DATA EXCERPTS:
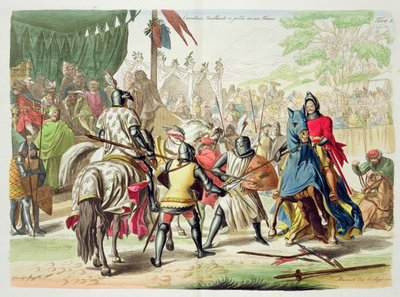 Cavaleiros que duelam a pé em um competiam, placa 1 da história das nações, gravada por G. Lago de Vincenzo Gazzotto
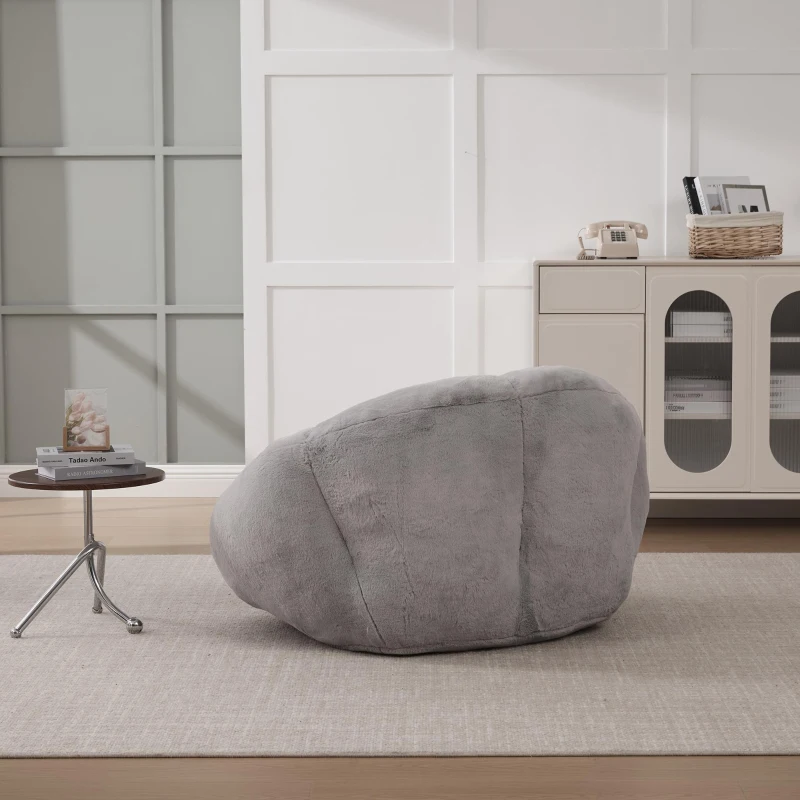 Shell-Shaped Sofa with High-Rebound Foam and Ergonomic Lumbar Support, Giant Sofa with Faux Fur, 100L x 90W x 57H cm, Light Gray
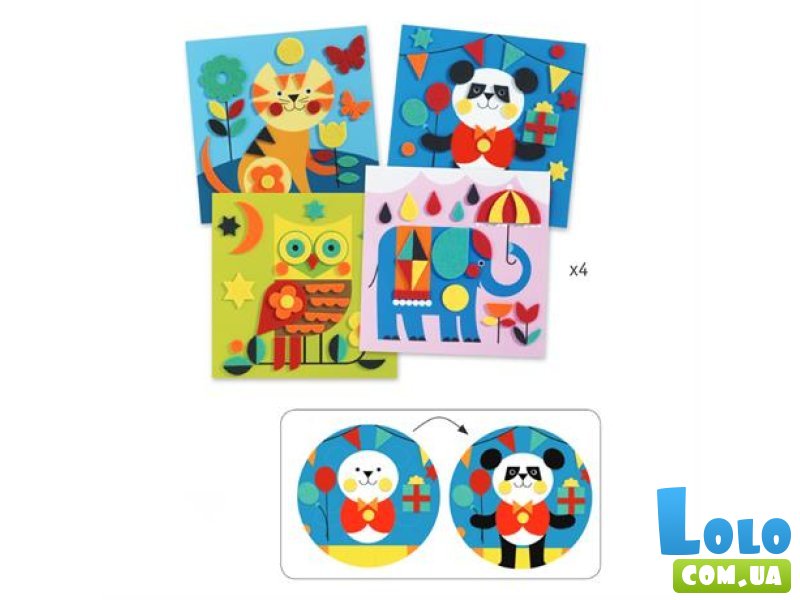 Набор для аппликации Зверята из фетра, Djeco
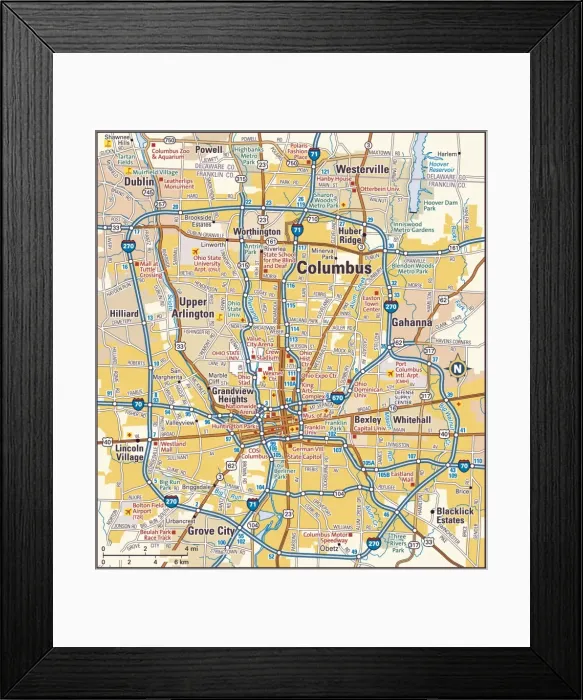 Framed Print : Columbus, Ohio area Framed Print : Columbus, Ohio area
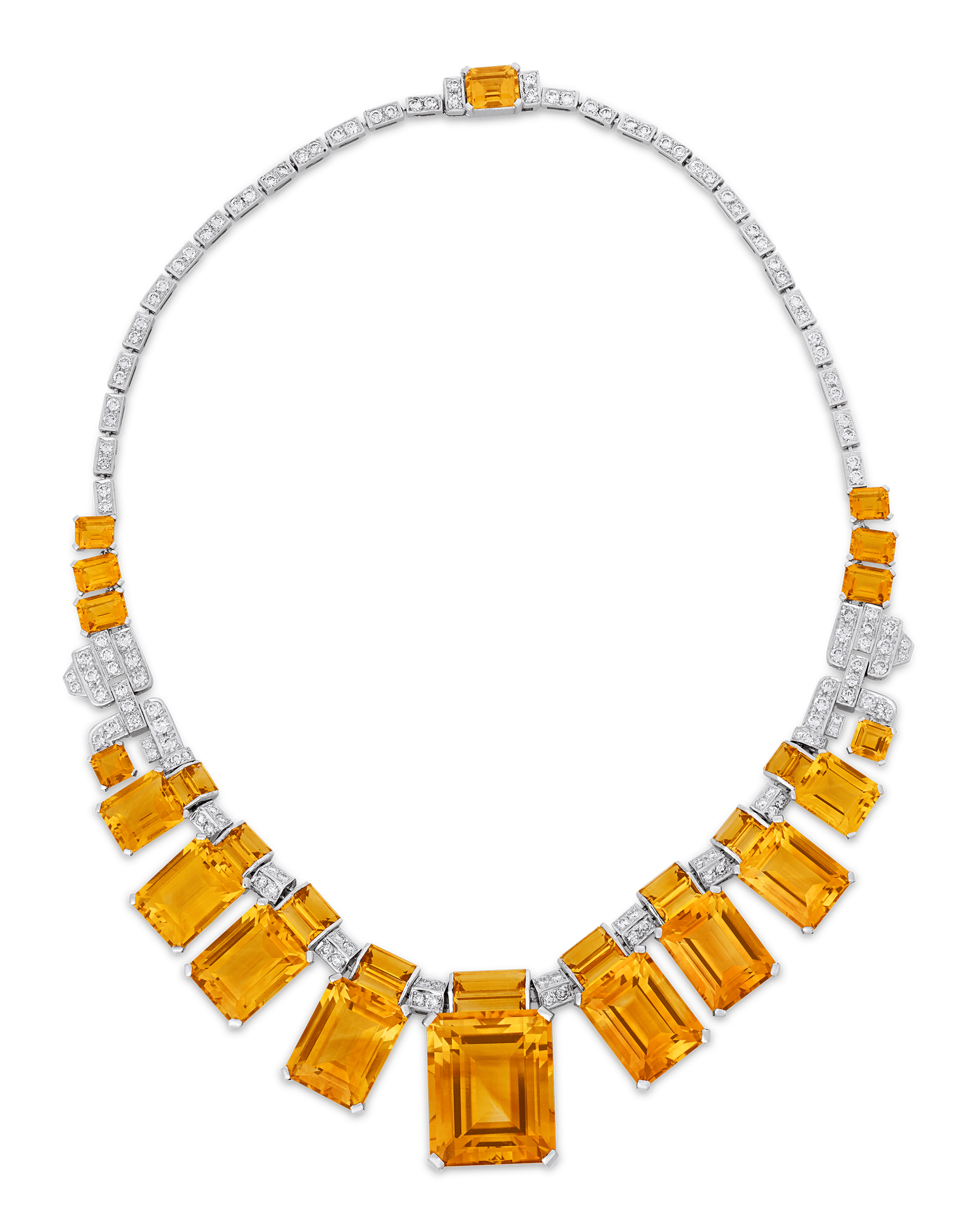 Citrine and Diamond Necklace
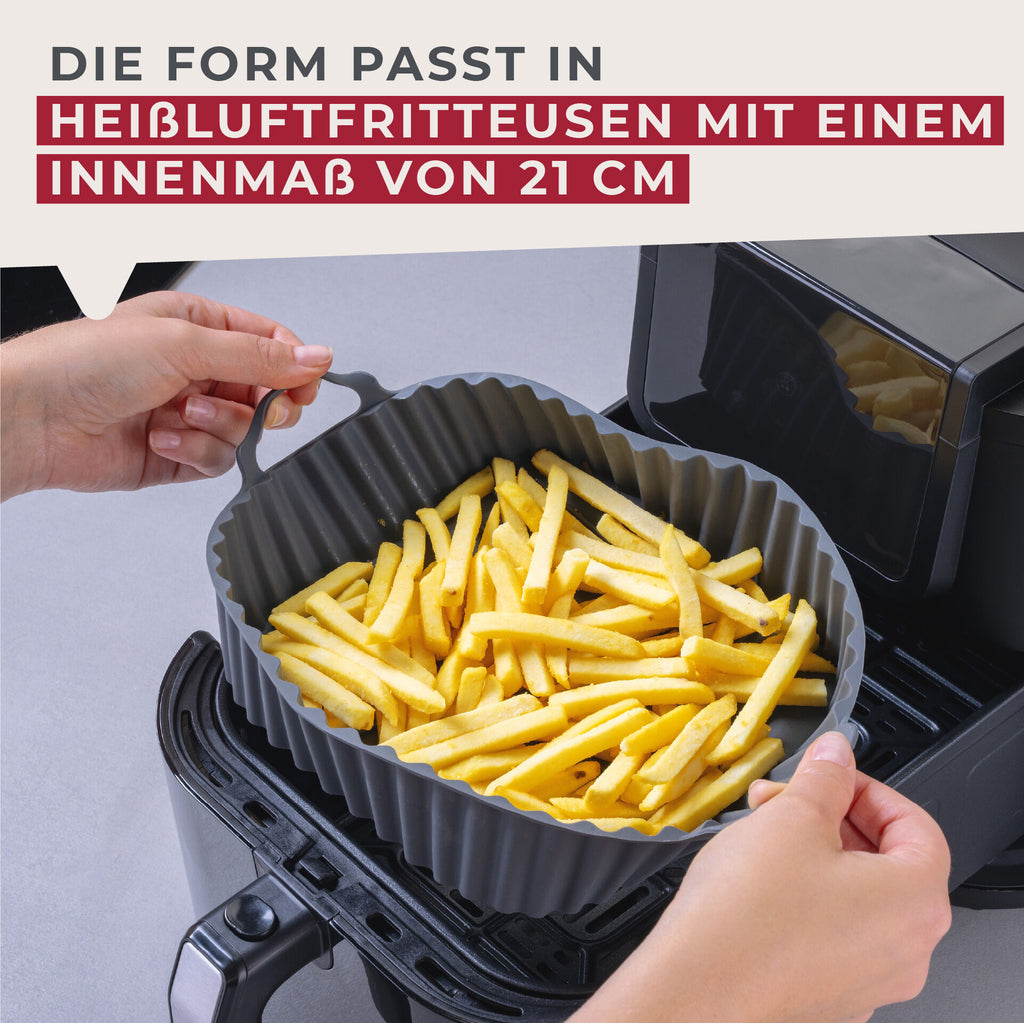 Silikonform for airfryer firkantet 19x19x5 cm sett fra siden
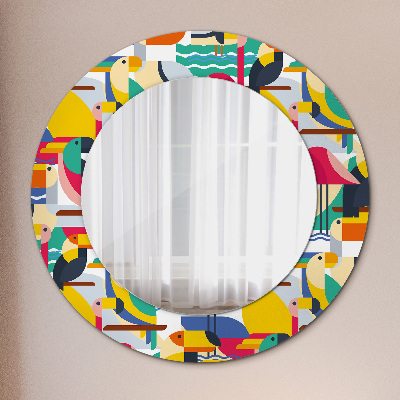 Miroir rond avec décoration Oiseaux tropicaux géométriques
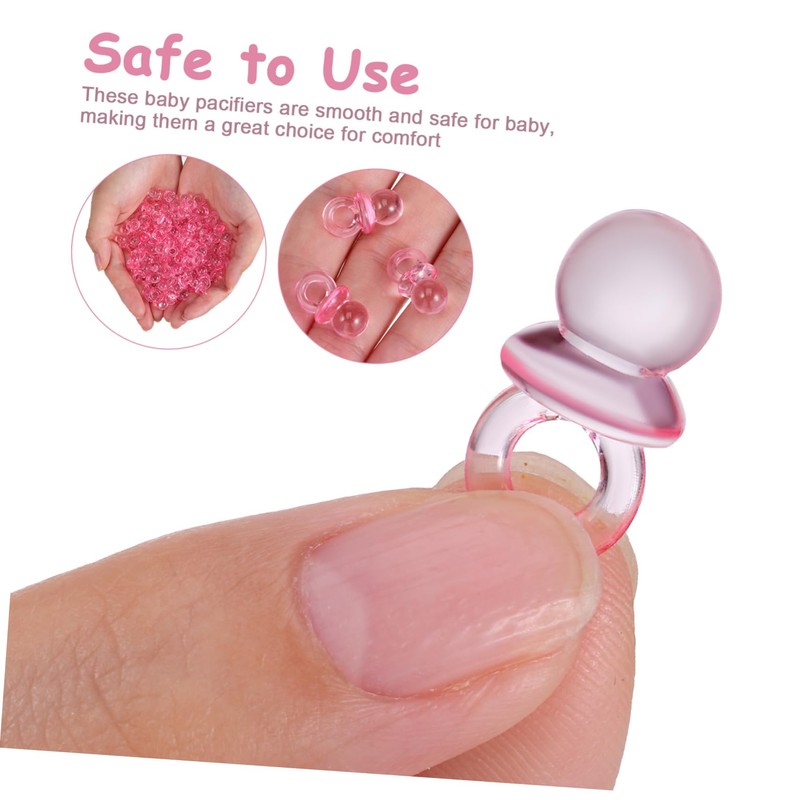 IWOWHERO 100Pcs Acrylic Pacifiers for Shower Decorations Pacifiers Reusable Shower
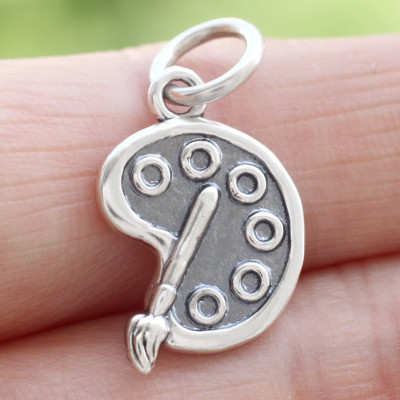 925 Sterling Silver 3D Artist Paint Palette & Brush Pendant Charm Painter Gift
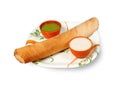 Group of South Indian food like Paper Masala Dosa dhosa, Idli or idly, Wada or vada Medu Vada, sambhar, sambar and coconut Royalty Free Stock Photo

EXERCISE DESCRIPTION: Once the pictures are set aside, give every line above again without alteration.

ANSWER TO THE PROBLEM:
 Cavaleiros que duelam a pé em um competiam, placa 1 da história das nações, gravada por G. Lago de Vincenzo Gazzotto
 Shell-Shaped Sofa with High-Rebound Foam and Ergonomic Lumbar Support, Giant Sofa with Faux Fur, 100L x 90W x 57H cm, Light Gray
 Набор для аппликации Зверята из фетра, Djeco
 Framed Print : Columbus, Ohio area Framed Print : Columbus, Ohio area
 Citrine and Diamond Necklace
 Silikonform for airfryer firkantet 19x19x5 cm sett fra siden
 Miroir rond avec décoration Oiseaux tropicaux géométriques
 IWOWHERO 100Pcs Acrylic Pacifiers for Shower Decorations Pacifiers Reusable Shower
 925 Sterling Silver 3D Artist Paint Palette & Brush Pendant Charm Painter Gift
 Group of South Indian food like Paper Masala Dosa dhosa, Idli or idly, Wada or vada Medu Vada, sambhar, sambar and coconut Royalty Free Stock Photo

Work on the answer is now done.